▸ Task objective:
Retype exactly the span of lines below from the one with "4 stk putetrekk" through the one with "Mini UV Lampe". Do not include pictures.

▸ Recorded data:
= Beginning of Section =
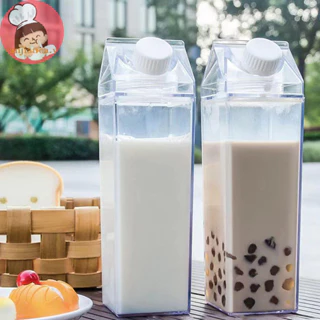 Yanca 500 / 1000ML Thùng Sữa Bình Nước Sữa Vuông Cà Phê Nước ép Trà Sữa Trong Suốt Bảo Quản Sữa Cho Thể Thao Ngoài Trời Cắm Trại Tập Gym VN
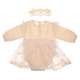 thumbnail image 1 of Pelele de encaje para recién nacida, manga larga con diadema, conjunto infantil, cómodo vestido de princesa de encaje de lino y algodón para uso diario en primavera, fiestas y sesiones de fotos, 1 of 8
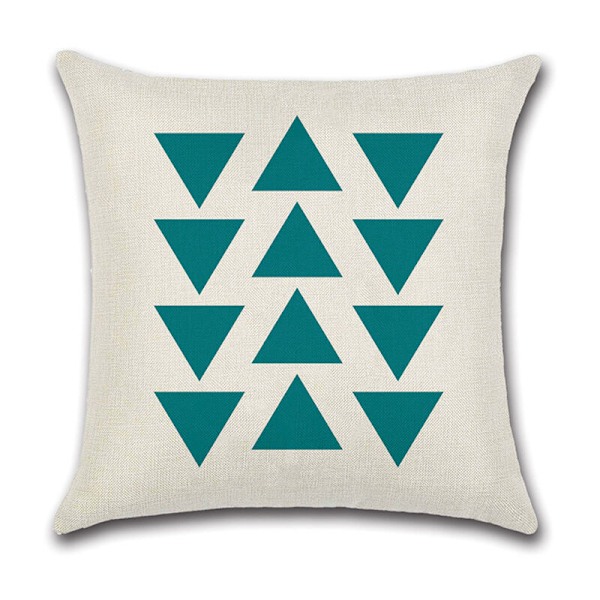 4 stk putetrekk 45 x 45 cm, dekorative firkantede putetrekk sofatrekk blå pute trekantmønster geometrisk mønster bomull lin hus for soverom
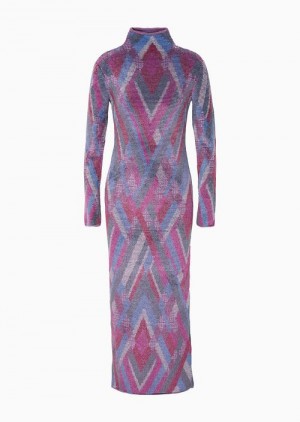 Multicolour Emporio Armani Multicoloured Jacquard-knit Mock-neck Midi Sheath Dress | EA-SN56524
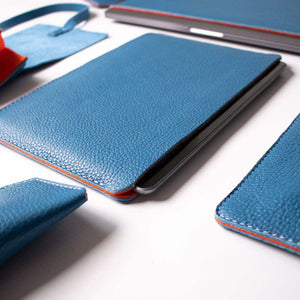 Leather iPad Pro 11" Sleeve - Turquoise Blue and Orange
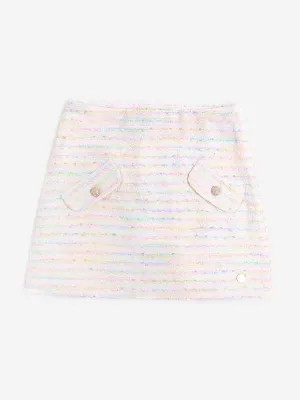 BCBGMAXAZRIA Girls Tweed Pencil Skirt in Ivory
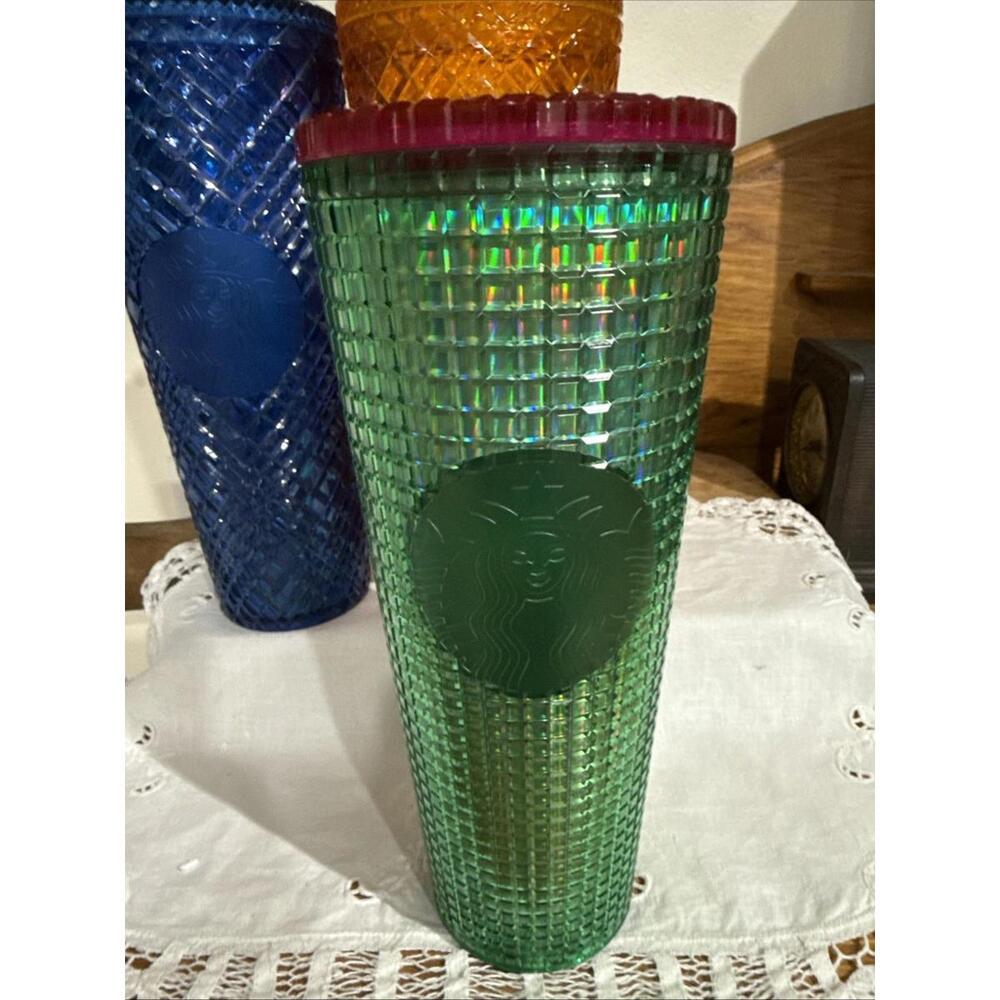 Lot 3 Starbucks Tumblers 24 oz Jeweled Iridescent Blue Orange Green No Straws - Picture 2 of 14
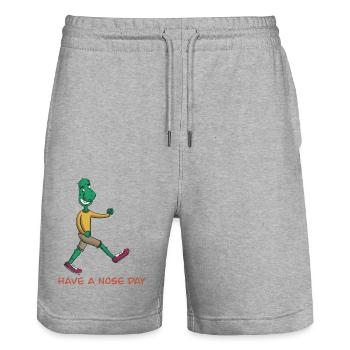 HAVE A NOSE DAY - Stanley/Stella Trainer Unisex Organic Jogging Shorts - heather grey - Front - Nik (191cm) & Marisol (170cm)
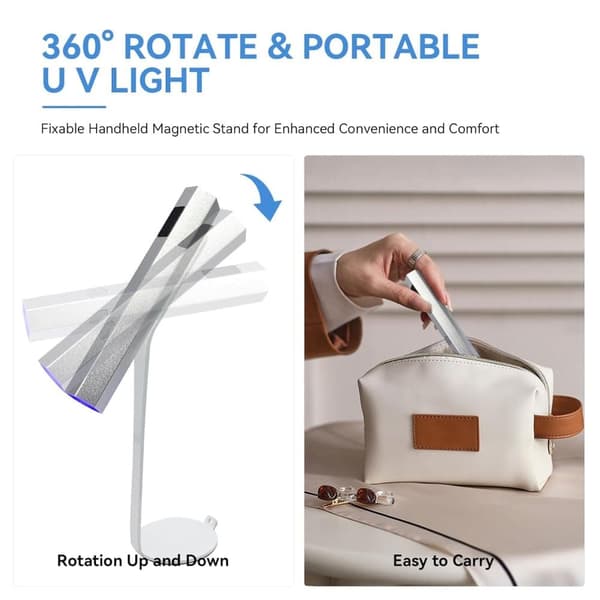 Mini UV Lampe Negle Sølv Negle Lampe med Kraftig Magnetisk Base 2-i-1 LED med 20s / 60sTimer og Negle Stempler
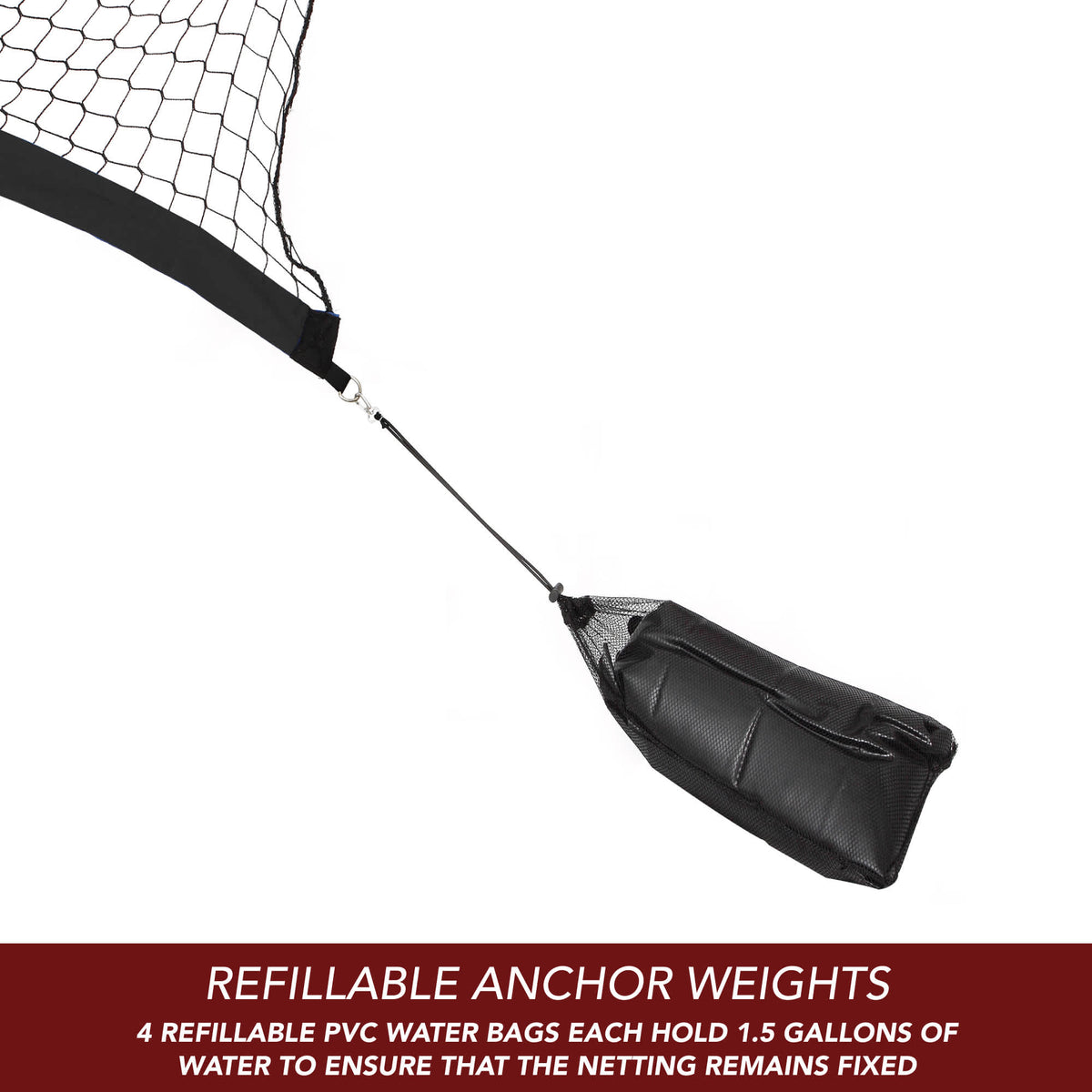Hathaway Rebounder Basketball Return - four refillable PVC anchor bags, 1.5 gallons each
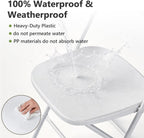 White Folding Chairs 6 Pack, Plastic Folding Chairs for Outside, Heavy Duty Foldable Chairs, Sturdy Metal Folding Chairs, 350 lbs Capacity, for Patio, Garden, Party
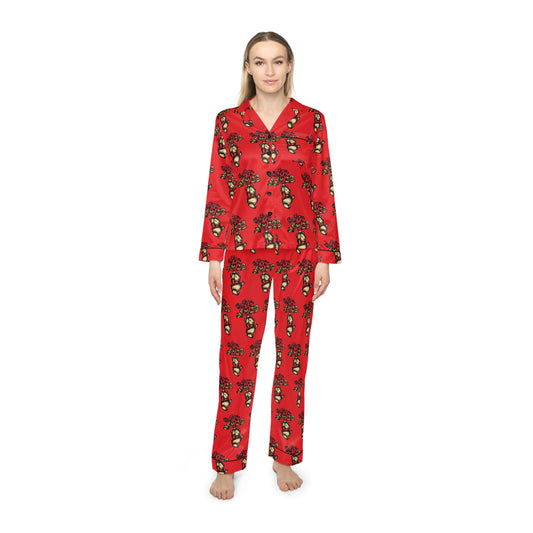 Women's Satin Pajamas (AOP)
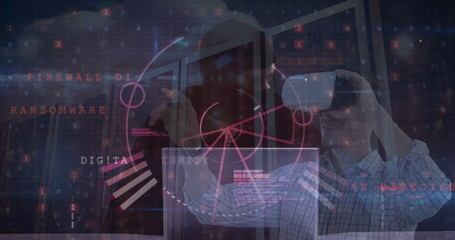 Image of cyber security data processing over male hacker and caucasian man wearing vr headset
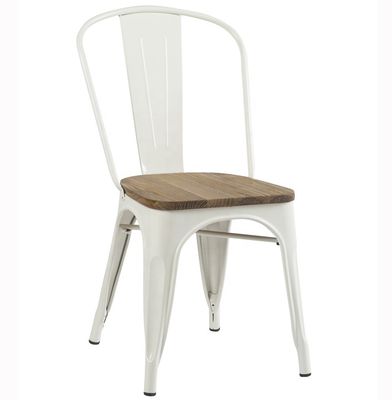 kopen Witte Cafe Tolix Eetstoel Stapelbare metalen restaurantstoelen met houten stoel online vervaardiging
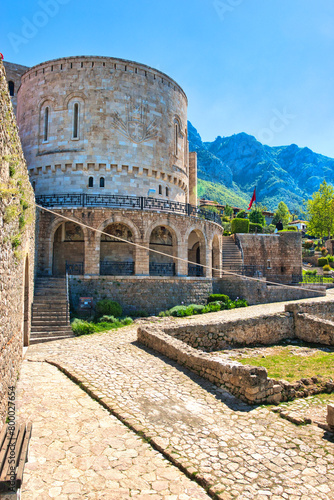 Kruje, Albania - 28 April, 2024: The Skanderbeg Museum in Kruja, Albania. The building of George Castriot ( Skanderbeg ) - national albanian hero. Kruje Castle and fortress. This was on a hot, sunny,  photo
= End of Section =
▸ Expected output:
 4 stk putetrekk 45 x 45 cm, dekorative firkantede putetrekk sofatrekk blå pute trekantmønster geometrisk mønster bomull lin hus for soverom
 Multicolour Emporio Armani Multicoloured Jacquard-knit Mock-neck Midi Sheath Dress | EA-SN56524
 Leather iPad Pro 11" Sleeve - Turquoise Blue and Orange
 BCBGMAXAZRIA Girls Tweed Pencil Skirt in Ivory
 Lot 3 Starbucks Tumblers 24 oz Jeweled Iridescent Blue Orange Green No Straws - Picture 2 of 14
 HAVE A NOSE DAY - Stanley/Stella Trainer Unisex Organic Jogging Shorts - heather grey - Front - Nik (191cm) & Marisol (170cm)
 Mini UV Lampe Negle Sølv Negle Lampe med Kraftig Magnetisk Base 2-i-1 LED med 20s / 60sTimer og Negle Stempler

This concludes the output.